By TOI STAFF Today, 12:39 am

Ultra-orthodox men take part in celebrations of Lag B’Omer on Mt. Meron, at the gtravesite of Rabbi Shimon Bar Yochai, May 17, 2014

Though the investigation into the deadly disaster at Mt. Meron on Thursday night was still in its earliest stages as the weekend ended, recriminations from multiple current and former officials in top governmental positions pointed to one major, key failing: No one could say who was ultimately in charge of managing and securing Israel’s second most popular Jewish holy site.

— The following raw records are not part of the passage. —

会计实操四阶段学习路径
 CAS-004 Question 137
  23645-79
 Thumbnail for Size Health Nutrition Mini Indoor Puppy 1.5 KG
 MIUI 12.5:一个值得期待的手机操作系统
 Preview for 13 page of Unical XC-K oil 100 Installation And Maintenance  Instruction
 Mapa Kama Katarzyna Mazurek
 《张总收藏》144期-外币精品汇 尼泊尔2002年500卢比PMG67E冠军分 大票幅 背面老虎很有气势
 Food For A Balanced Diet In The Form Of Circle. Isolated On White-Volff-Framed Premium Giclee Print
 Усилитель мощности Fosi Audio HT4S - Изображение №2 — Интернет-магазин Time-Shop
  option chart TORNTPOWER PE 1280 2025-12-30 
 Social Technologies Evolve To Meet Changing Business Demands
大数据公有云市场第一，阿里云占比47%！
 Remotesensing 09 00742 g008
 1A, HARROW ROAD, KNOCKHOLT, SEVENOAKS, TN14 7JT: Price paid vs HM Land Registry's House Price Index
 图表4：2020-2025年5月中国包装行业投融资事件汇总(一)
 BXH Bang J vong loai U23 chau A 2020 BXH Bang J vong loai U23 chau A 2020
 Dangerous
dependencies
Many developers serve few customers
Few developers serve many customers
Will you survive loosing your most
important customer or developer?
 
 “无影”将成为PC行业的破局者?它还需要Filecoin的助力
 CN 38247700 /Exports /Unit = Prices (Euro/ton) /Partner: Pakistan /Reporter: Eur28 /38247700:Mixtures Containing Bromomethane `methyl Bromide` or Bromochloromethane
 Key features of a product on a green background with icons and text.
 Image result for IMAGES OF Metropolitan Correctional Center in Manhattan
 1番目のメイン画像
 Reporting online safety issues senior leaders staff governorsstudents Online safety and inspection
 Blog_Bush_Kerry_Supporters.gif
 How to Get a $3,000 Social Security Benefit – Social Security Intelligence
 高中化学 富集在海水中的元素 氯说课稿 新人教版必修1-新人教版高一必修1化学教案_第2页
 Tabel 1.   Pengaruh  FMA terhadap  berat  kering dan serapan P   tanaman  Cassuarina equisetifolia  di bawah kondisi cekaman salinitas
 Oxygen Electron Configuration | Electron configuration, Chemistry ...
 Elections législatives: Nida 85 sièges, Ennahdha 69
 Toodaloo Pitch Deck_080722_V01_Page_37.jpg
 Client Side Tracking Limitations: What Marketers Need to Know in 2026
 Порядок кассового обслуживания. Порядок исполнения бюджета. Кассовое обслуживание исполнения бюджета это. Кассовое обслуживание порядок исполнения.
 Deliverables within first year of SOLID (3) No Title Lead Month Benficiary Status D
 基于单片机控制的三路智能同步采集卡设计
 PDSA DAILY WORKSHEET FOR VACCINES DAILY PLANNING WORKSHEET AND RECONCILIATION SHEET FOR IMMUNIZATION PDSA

Following the crush that took the lives of 45 people during Lag B’Omer celebrations, and under intensifying public, political and media scrutiny of the chain of events that led to disaster at the gravesite of Rabbi Shimon bar Yochai, a picture has emerged of a facility caught in a years-long tug of war between various authorities, religious sects and interest groups, that left it bereft of proper, unified state oversight even as constant warning bells were being sounded regarding its potential for catastrophe.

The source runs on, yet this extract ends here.